> [EXERCISE OBJECTIVE]: Within the entries below, please return exactly the lines from the one with "a kitchen with" through the one with "Easter letters with", leaving out any pictures.

Start of GIVEN INFORMATION

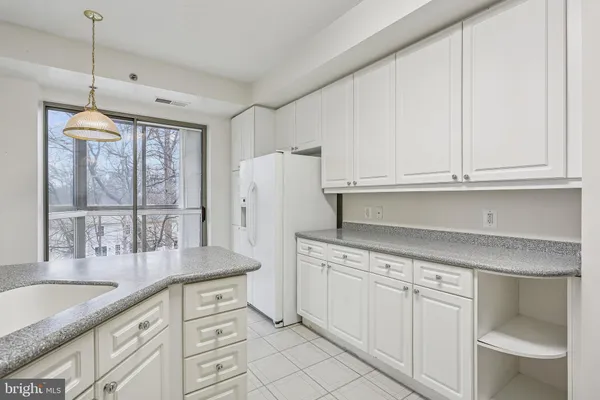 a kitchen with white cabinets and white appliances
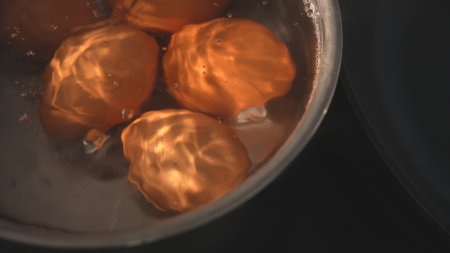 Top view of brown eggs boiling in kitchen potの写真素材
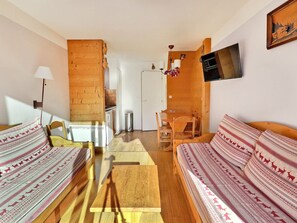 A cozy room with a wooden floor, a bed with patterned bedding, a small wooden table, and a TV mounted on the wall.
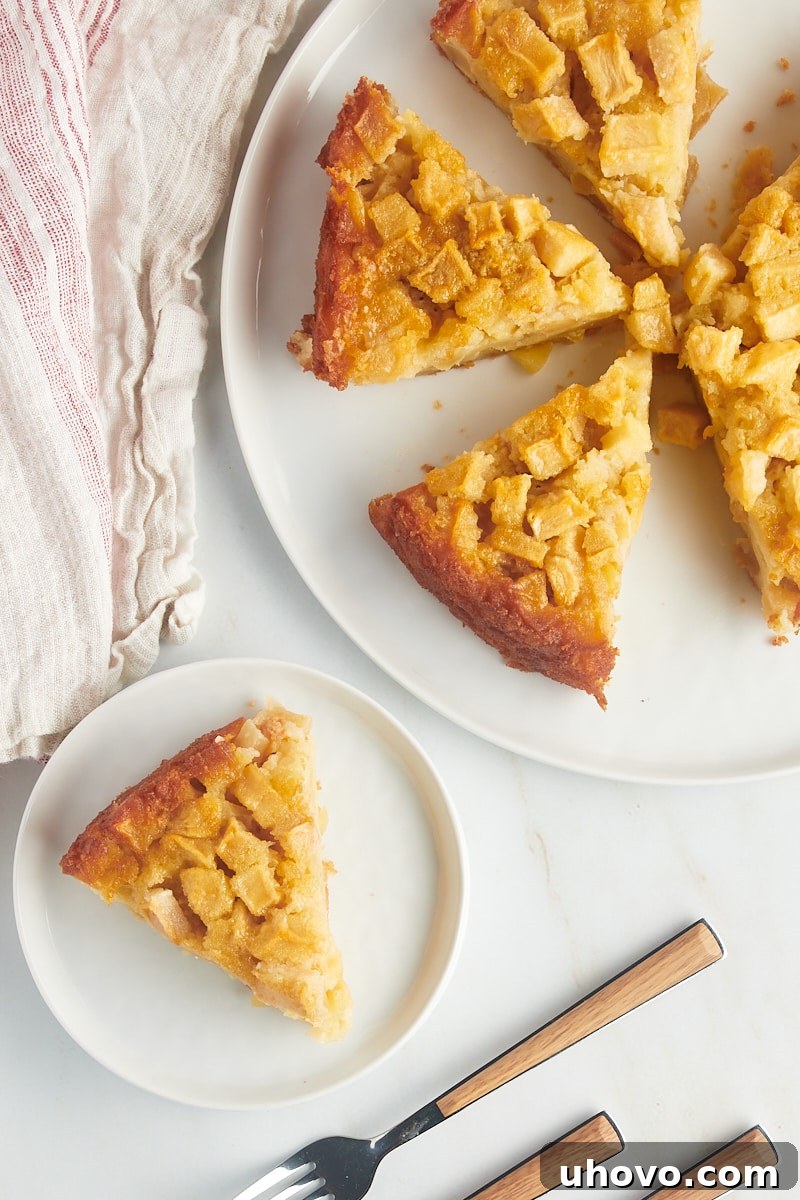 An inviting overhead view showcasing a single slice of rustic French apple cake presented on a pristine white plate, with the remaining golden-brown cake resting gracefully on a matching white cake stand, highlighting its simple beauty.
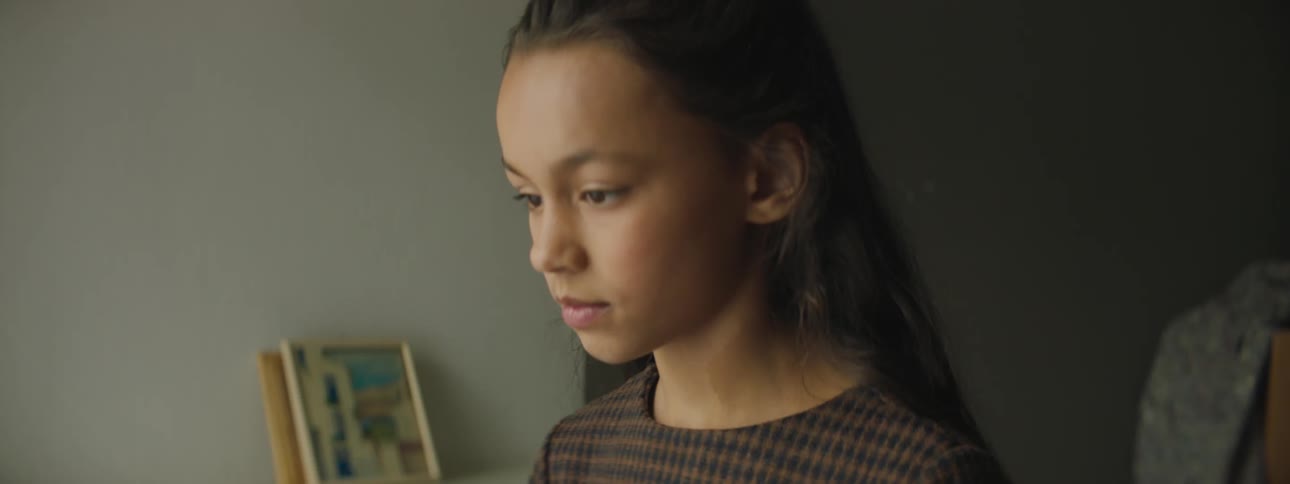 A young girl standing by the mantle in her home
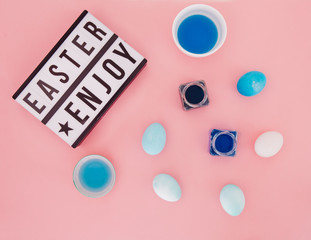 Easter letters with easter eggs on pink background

End of GIVEN INFORMATION
Start of GIVEN INFORMATION

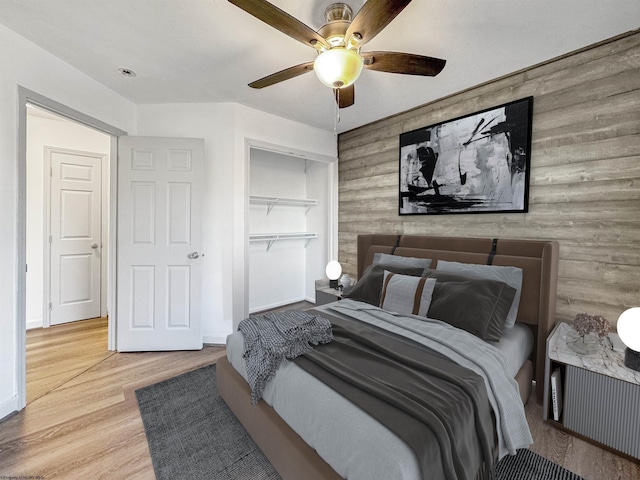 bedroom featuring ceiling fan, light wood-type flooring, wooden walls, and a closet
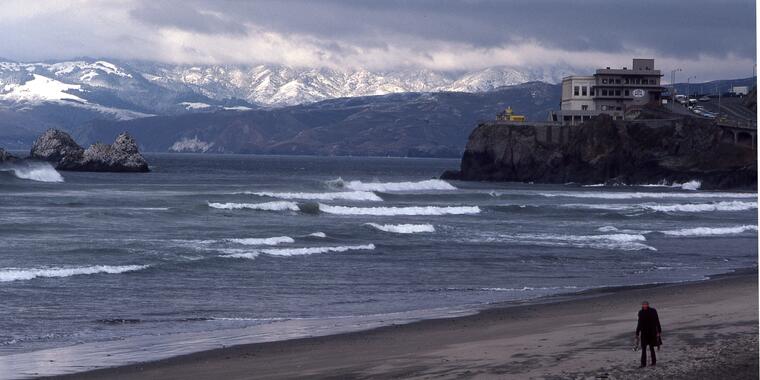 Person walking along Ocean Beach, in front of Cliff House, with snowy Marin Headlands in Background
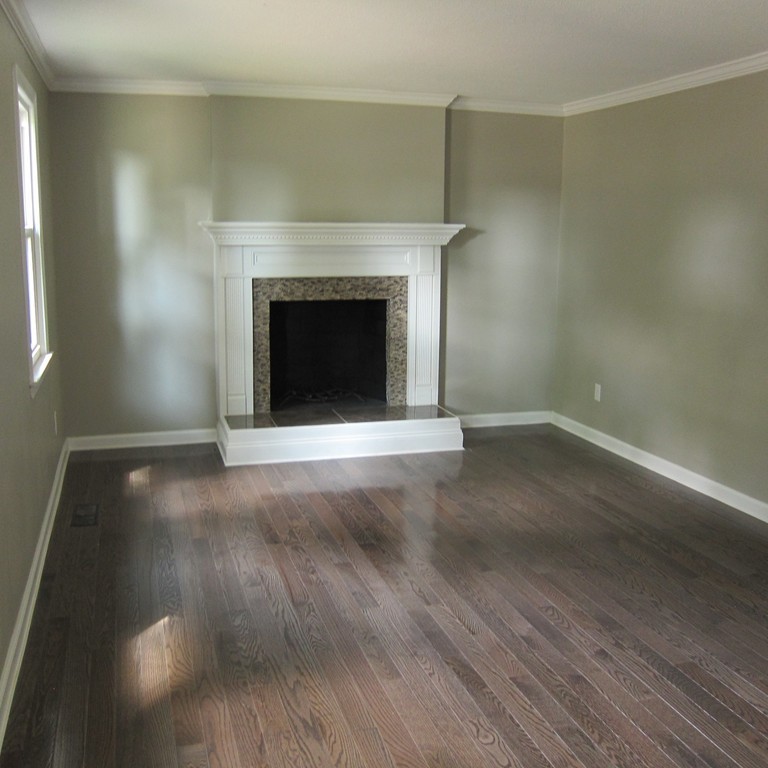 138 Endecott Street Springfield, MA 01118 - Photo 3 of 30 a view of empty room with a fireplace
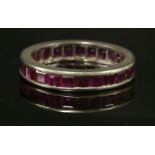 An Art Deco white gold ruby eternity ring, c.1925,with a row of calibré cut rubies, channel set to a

End of GIVEN INFORMATION
Start of GIVEN INFORMATION

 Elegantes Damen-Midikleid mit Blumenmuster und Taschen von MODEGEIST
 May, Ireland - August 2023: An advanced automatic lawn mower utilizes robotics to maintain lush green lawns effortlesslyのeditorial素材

End of GIVEN INFORMATION

> [REPLY TO THE TASK]:
 a kitchen with white cabinets and white appliances
 Top view of brown eggs boiling in kitchen potの写真素材
 A cozy room with a wooden floor, a bed with patterned bedding, a small wooden table, and a TV mounted on the wall.
 An inviting overhead view showcasing a single slice of rustic French apple cake presented on a pristine white plate, with the remaining golden-brown cake resting gracefully on a matching white cake stand, highlighting its simple beauty.
 A young girl standing by the mantle in her home
 Easter letters with easter eggs on pink background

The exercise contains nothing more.